I doubt this, but I am open to discussion. Let's try to remain 
civil and calm.

> What, you think stock Win32 widgets are rendered with CPU code 
> with the Aero and later compositors?
>

Win32? Probably still are. WPF and later? No. That has always had 
a DirectX rendering backend. And at least WPF has a reputation of 
being sluggish. I haven't had performance issues with either so 
far, though.

> You're treating custom user CPU rasterisation on pre-defined 
> bounds as the entire rendering paradigm. And you can be assured 
> that your code is reading to- and writing from- a quarantined 
> section of memory that will be later composited by the layout 
> engine.
>
> If you're going to bring up examples, study WPF and UWP. 
> Entirely GPU driven WIMP APIs.
>
> But I guess we still need homework assignments.
>

OK, I'll indulge you in the interest of a civil discussion.

> 1) What is a Z buffer?
>

OK, back to basics. When rendering a 3D scene with opaque 
surfaces, the resulting image only contains the surfaces nearest 
to the camera. The rest is occluded. Solutions like depth sorting 
the triangles and rendering back to front are possible (see e.g. 
the DOOM engine and it's BSP traversal for rendering), but they 
have drawbacks. E.g. even a set of three triangles may be 
mutually overlapping in a way that no consistent z ordering of 
the entire primitives exist. You need to split primitives to make 
that work. And you still need to guarantee sorted input.

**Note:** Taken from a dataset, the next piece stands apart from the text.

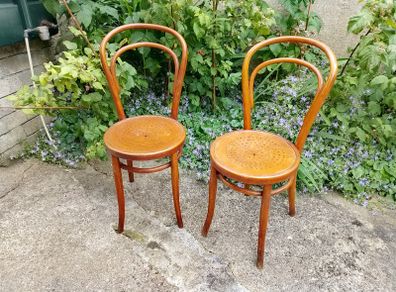 Vintage Bentwood Chairs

A z buffer does solves that problem by storing the minimum z 
value for each pixel that was thus far encountered. When drawing 
a new primitive over that pixel, that primitive's z value is 
first compared to the stored value and when it's further away, it 
is discarded.

Of course, a hardware z buffer can be configured in various other 
interesting ways. E.g. restricting the z value range to half of 
the NDC space, alternating half spaces and simultaneously 
flipping between min and max tests is an old trick to skip 
clearing the z buffer between frames.

There's still more to this topic: transformation of stored z 
values to retain precision on 24 bit integer z buffers, 
hierarchical z buffers, early z testing... I'll just cut it short 
here.

> 2) What is a frustum? What does "orthographic" mean in relation 
> to that?
>

The view frustum is the volume that is mapped to NDC. For 
perspective projection, it's a truncated four-sided pyramid. For 
orthographic projection, it's a cuboid. Fun fact: for correct 
stereo rendering to a flat display, you need asymmetrical 
perspective frustums; doing it with symmetric frustums rotated 
towards the vergence point leads to distortions.

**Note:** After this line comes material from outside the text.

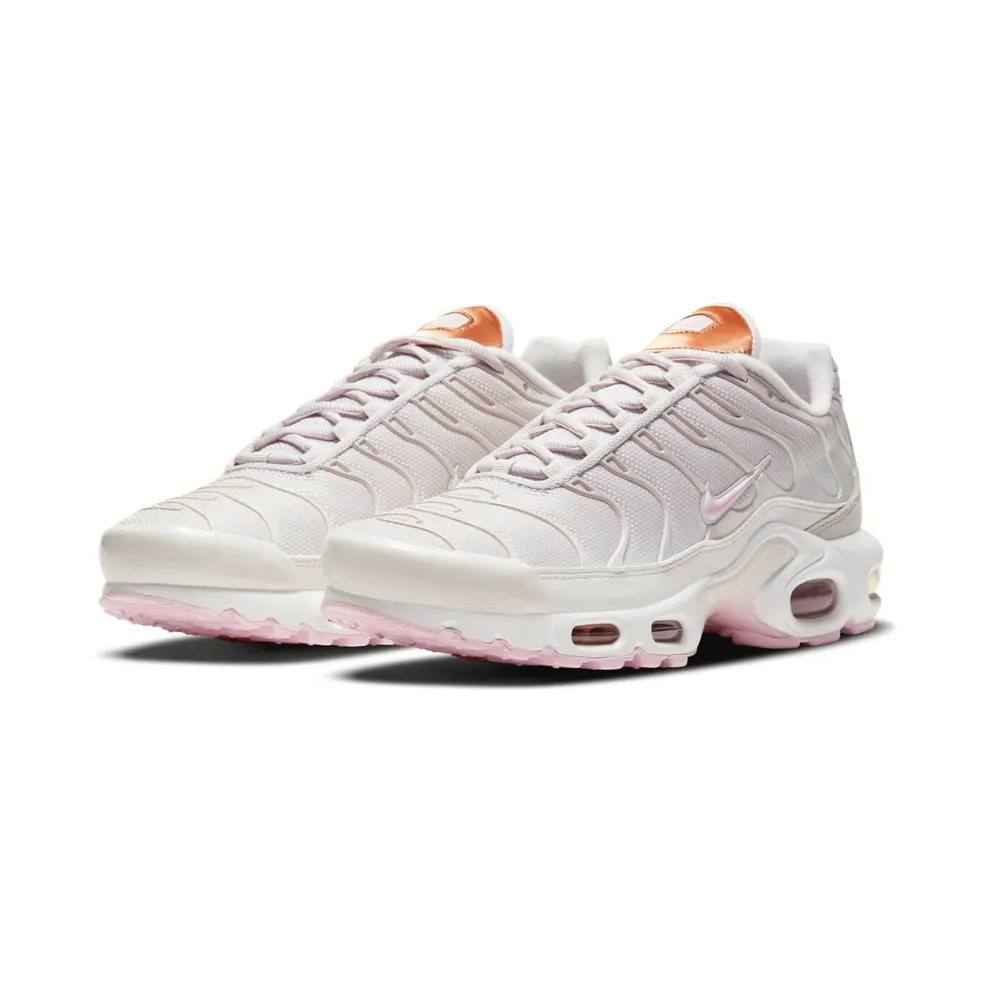 Nike Air Max Plus Grey (DD6612-001)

> 3) Comparing the traditional and Aero+ desktop compositors, 
> which one has the advantage with redraws of any kind? Why?
>

I'm assuming that by traditional you mean a CPU compositor. In 
that case, the GPU compositor has the full image of all top level 
windows cached as textures. All it needs to do is render these to 
the screen as textured quads. This is fast and, in simple terms, 
it can be done without interfering with the vertical scanout of 
the image to the screen to avoid tearing. Because the window 
contents is cached, applications don't need to redraw their 
contents when z order changes (good bye damage events!) and as a 
side effect, moving and repositioning top level windows is smooth.

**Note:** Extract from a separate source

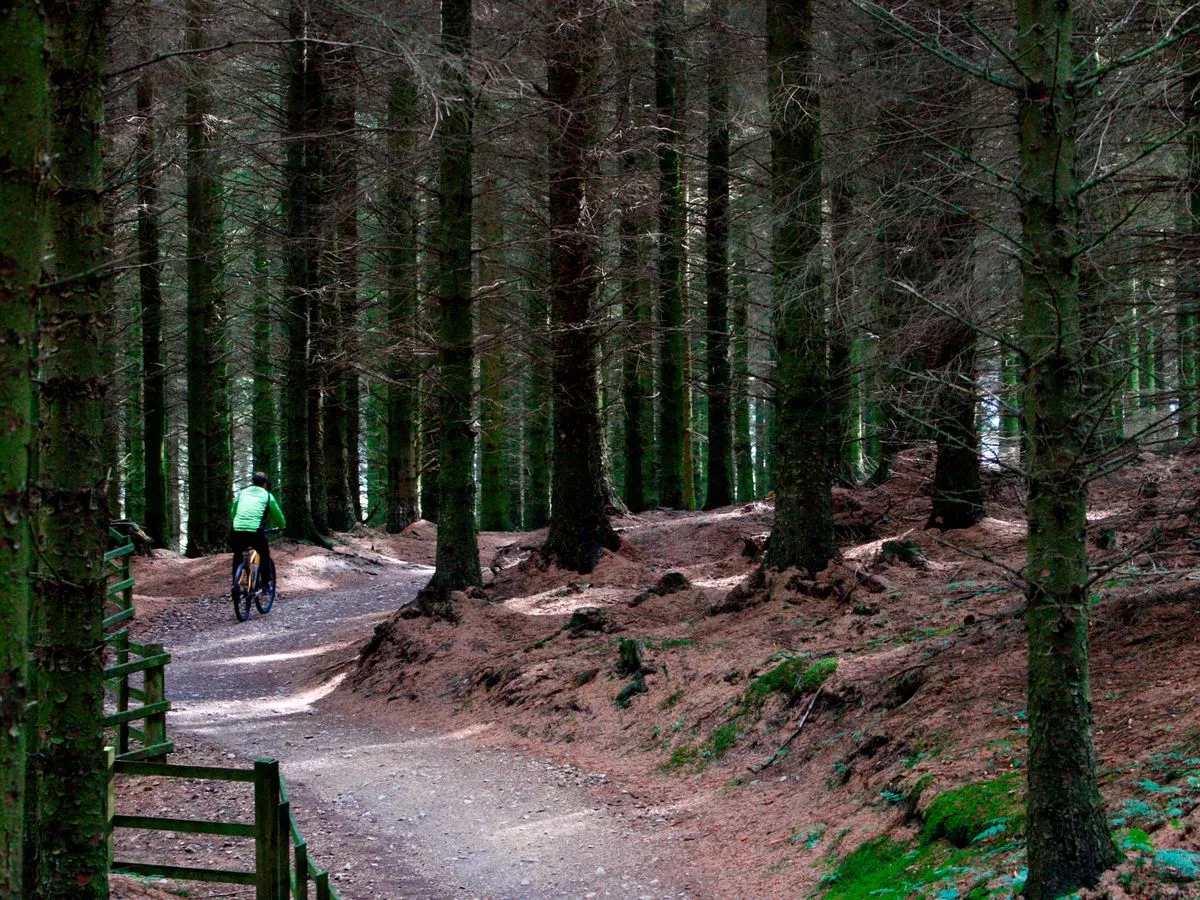 People filmed leaving devices of 'hideous cruelty' in Welsh forest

> 4) Why does ImGui's code get so complicated behind the scenes? 
> And what advantage does this present to a programmer who wishes 
> to use the API?
>

One word: batching. I'll briefly describe the Vulkan rendering 
process of ImGUI, as far as I remember it from the top of my 
head: it creates a single big vertex buffer for all draw 
operations with a pretty uniform vertex layout, regardless of the 
primitive involved. All drawing state that doesn't need pipeline 
changes goes into the vertex buffer (world space coords, UV 
coords, vertex color...). It also retains a memory of the 
pipeline state required to draw the current set of primitives. 
All high level primitives are broken down into triangles, even 
lines and bezier curves. This trick reduces the number of draw 
calls later. The renderer retains a list of spans in the vertex 
buffer and their associated pipeline state. Whenever the higher 
level drawing code does something that requires a state change, 
the current span is terminated and a new one for the new pipeline 
state is started. As far as I remember, the code only has two 
pipelines: one for solid, untextured primitives, and one for 
textured primitives that is used for text rendering.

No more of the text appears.